#### [GOAL OF THE EXERCISE]
A word-for-word copy of the listing is what's needed; leave out every image.

#### [GIVEN RECORDS]
[Start of Attachment]

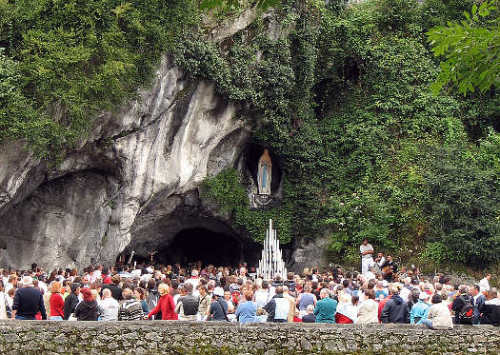 Lourdes_Apariciones_Curaciones_Milagros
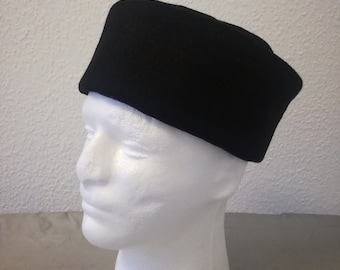 Cap crafted in navy blue wool fabric for medieval reenactment.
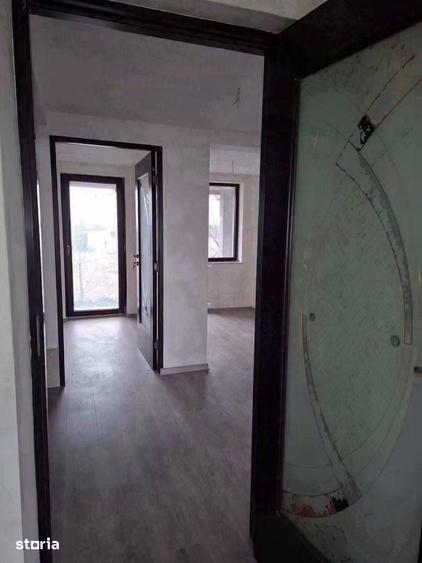 Casă cu 6 camere cu Teren 517 Mp în Central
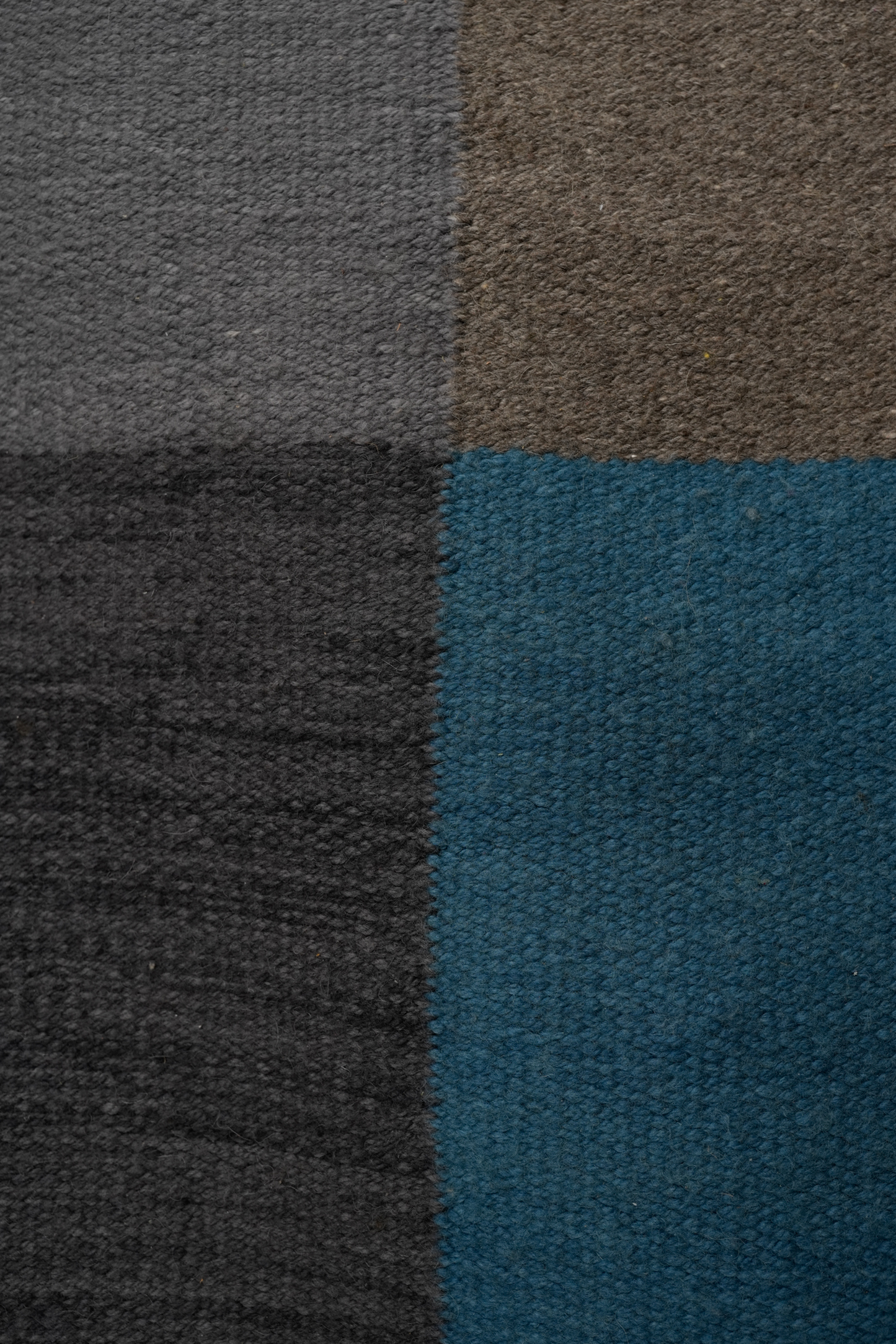 Alfombra Algarrobo | Oveja | Gris, Azul y Amarillo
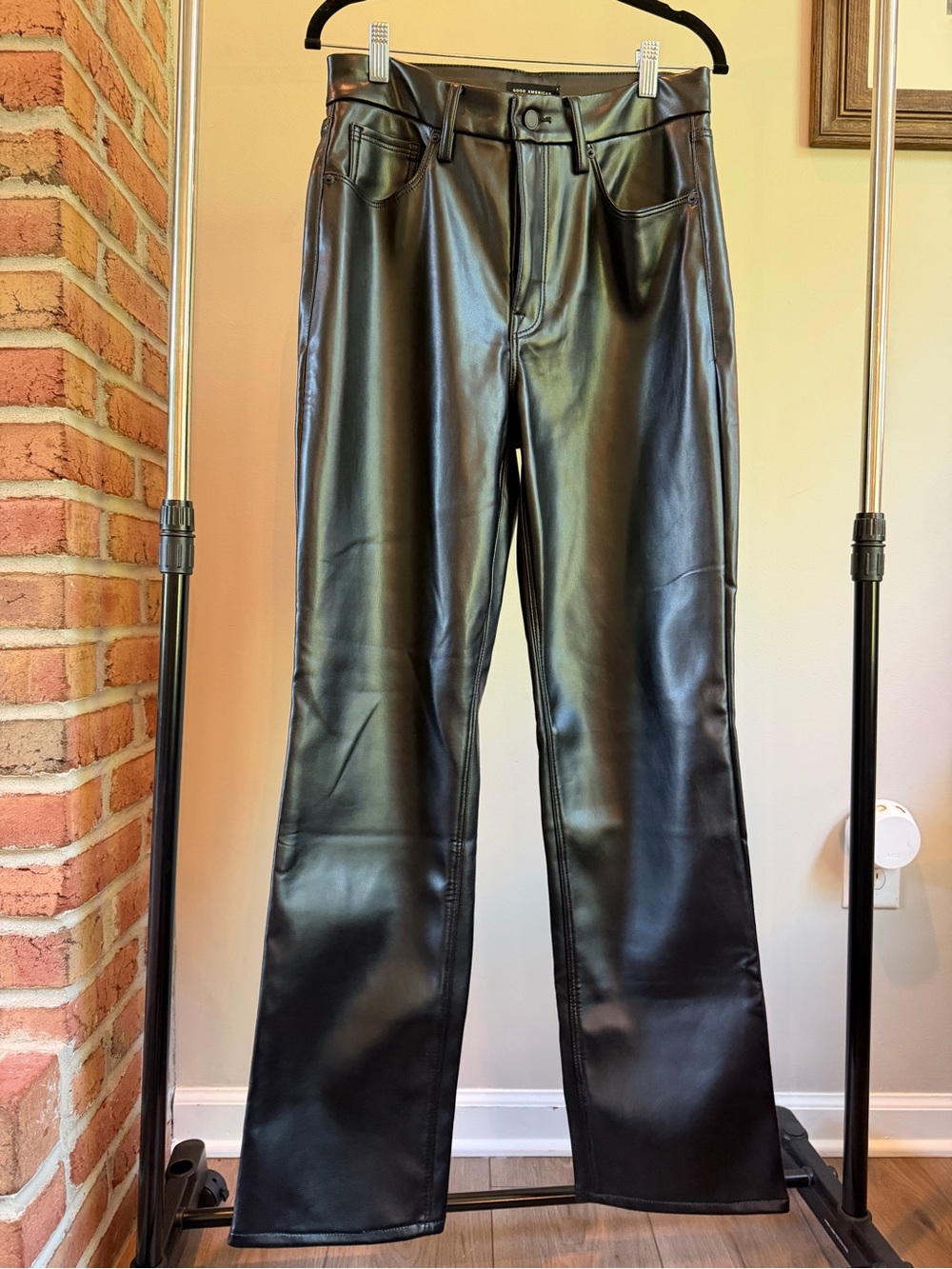 Good American Icon Black Faux Leather Straight Pants - Picture 2 of 8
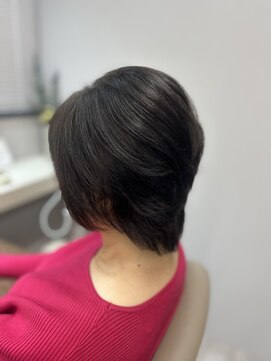 アオ 花咲町(a-o) ふんわりショートレイヤー♪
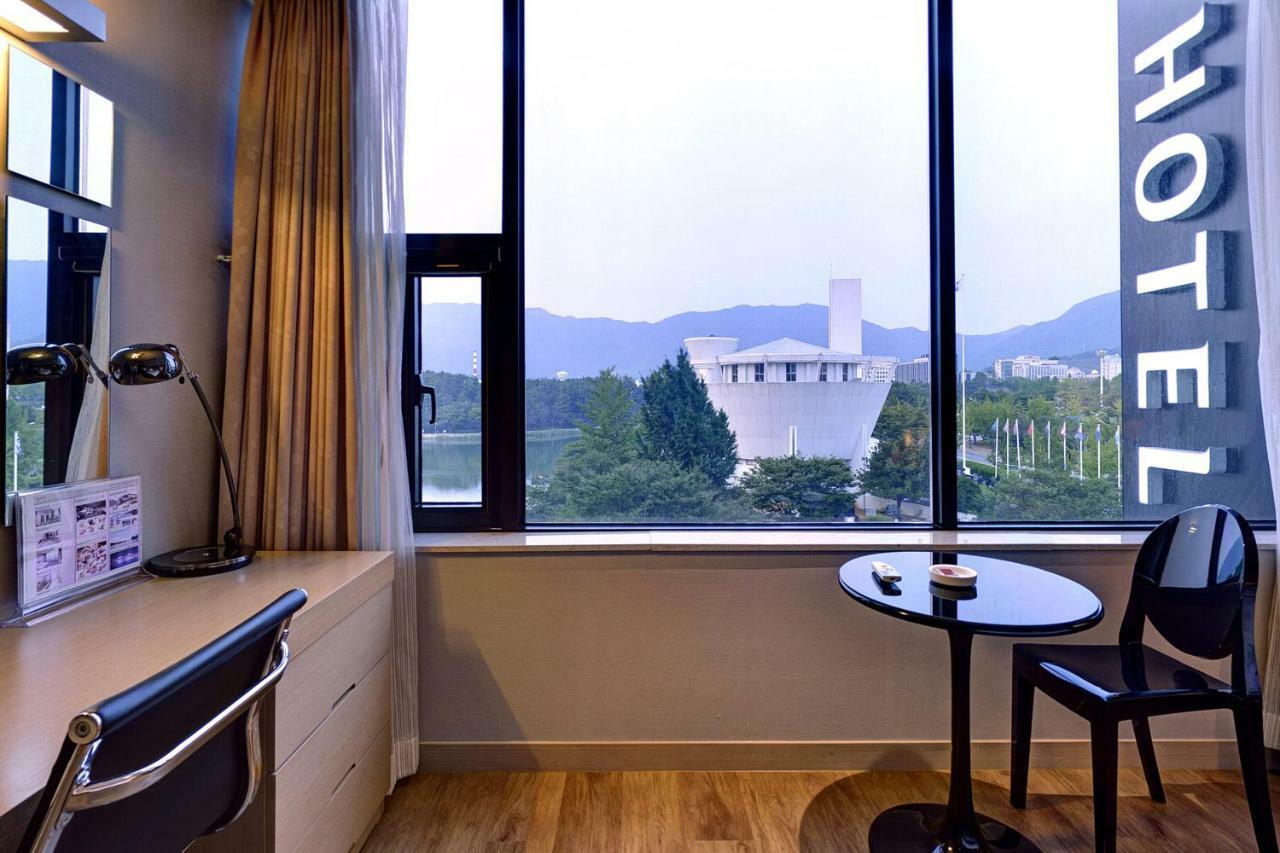 Hotel Avenue Changwon Εξωτερικό φωτογραφία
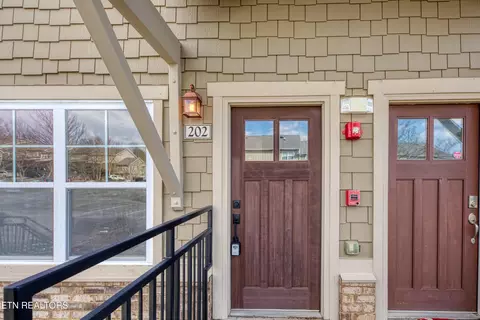 3918 Cherokee Woods Way #202, Knoxville, TN 37920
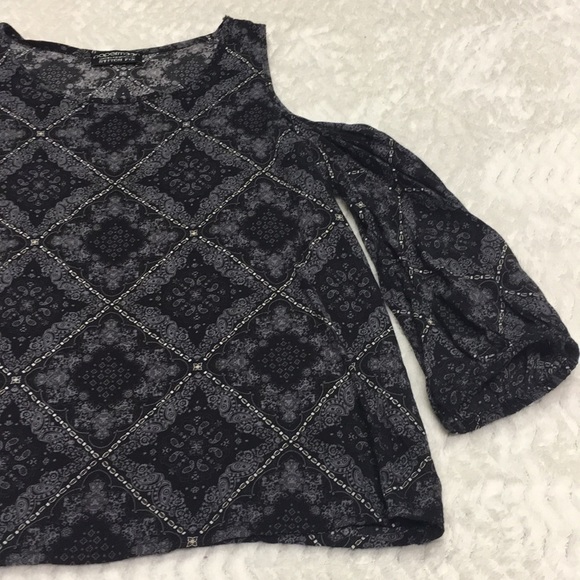 Papermoon Stitch Fix cold shoulder top - size - Small - Picture 5 of 8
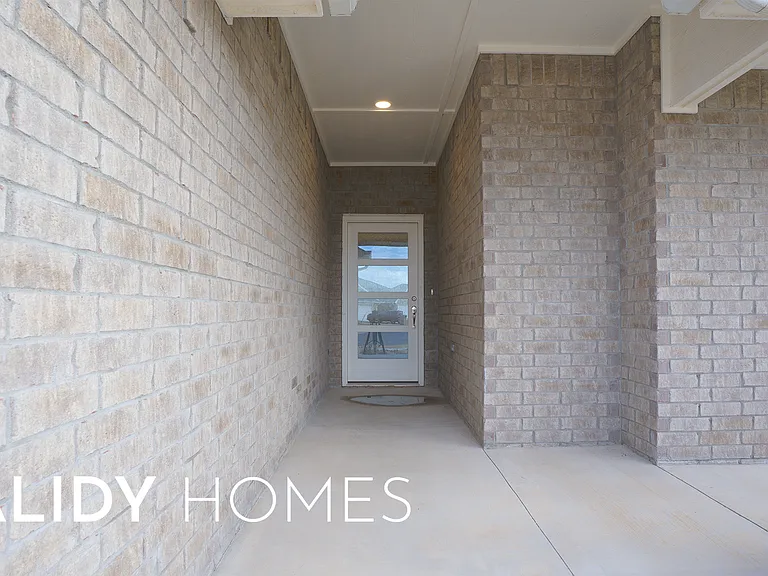 12500 Elba Dr — Photo 4
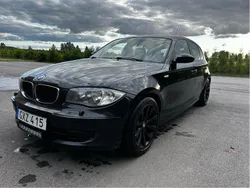 Svart Begagnad 2008 BMW 118 Advantage Halvkombi | 49 990 kr (Marknadspris)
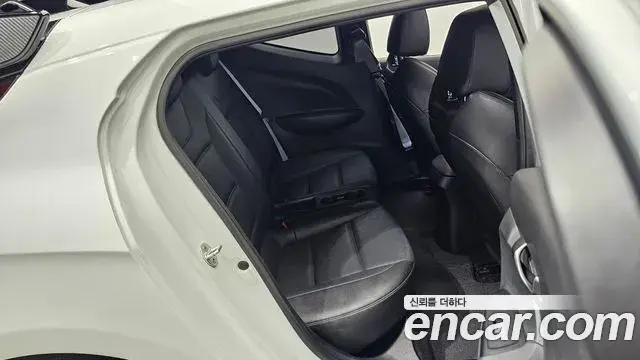 Hyundai Veloster 2018 — Photo 29/30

[End of Attachment]

#### [TASK ANSWER]
 Lourdes_Apariciones_Curaciones_Milagros
 Cap crafted in navy blue wool fabric for medieval reenactment.
 Casă cu 6 camere cu Teren 517 Mp în Central
 Alfombra Algarrobo | Oveja | Gris, Azul y Amarillo
 Good American Icon Black Faux Leather Straight Pants - Picture 2 of 8
 アオ 花咲町(a-o) ふんわりショートレイヤー♪
 Hotel Avenue Changwon Εξωτερικό φωτογραφία
 3918 Cherokee Woods Way #202, Knoxville, TN 37920
 Papermoon Stitch Fix cold shoulder top - size - Small - Picture 5 of 8
 12500 Elba Dr — Photo 4
 Svart Begagnad 2008 BMW 118 Advantage Halvkombi | 49 990 kr (Marknadspris)
 Hyundai Veloster 2018 — Photo 29/30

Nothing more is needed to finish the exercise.